最高裁 『花押』は自筆証書遺言の「押印」とは認めない判断
かつて戦国武将などが使ってきた『花押(かおう)』が、遺言書の作成に必要な「押印」の代わりになるかどうかが争われた裁判の上告審判決で、平成28年6月3日、最高裁は、「花押は押印とは認められない」として、遺言書は無効とする初めての判断を示しました。
自筆証書遺言について規定する民法第968条は、遺言書には、全文、日付、氏名の自書と押印が必要だと規定しています。そこで、最高裁は『花押』が「書く」もので「印鑑を押す」ものではないことを重視して、『花押』は民法の押印の要件を満たさないと結論づけました。
遺言書の主な作成方法として、自筆証書遺言と公正証書遺言があります。自筆証書遺言で作成した場合、要件が厳格であるため、無効となるケースが見受けられます。
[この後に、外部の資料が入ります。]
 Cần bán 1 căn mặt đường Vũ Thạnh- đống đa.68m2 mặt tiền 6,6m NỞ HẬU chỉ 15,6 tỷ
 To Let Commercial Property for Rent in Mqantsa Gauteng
専門家としては、公正証書遺言で作成することをお勧めします。司法書士法人エントラストでは、遺言書の文案作成に関する相談にも応じていますので、ご相談されたい方は電話(096-285-1120)又はホームページのお問い合わせメールフォームより、お問い合わせください。
【参照条文】
(自筆証書遺言)
民法第968条
1 自筆証書によって遺言をするには、遺言者が、その全文、日付及び氏名を自書し、これに印を押さなければならない。
2 自筆証書中の加除その他の変更は、遺言者が、その場所を指示し、これを変更した旨を付記して特にこれに署名し、かつ、その変更の場所に印を押さなければ、その効力を生じない。
(公正証書遺言)
第969条 公正証書によって遺言をするには、次に掲げる方式に従わなければならない。
一 証人二人以上の立会いがあること。
二 遺言者が遺言の趣旨を公証人に口授すること。
三 公証人が、遺言者の口述を筆記し、これを遺言者及び証人に読み聞かせ、又は閲覧させること。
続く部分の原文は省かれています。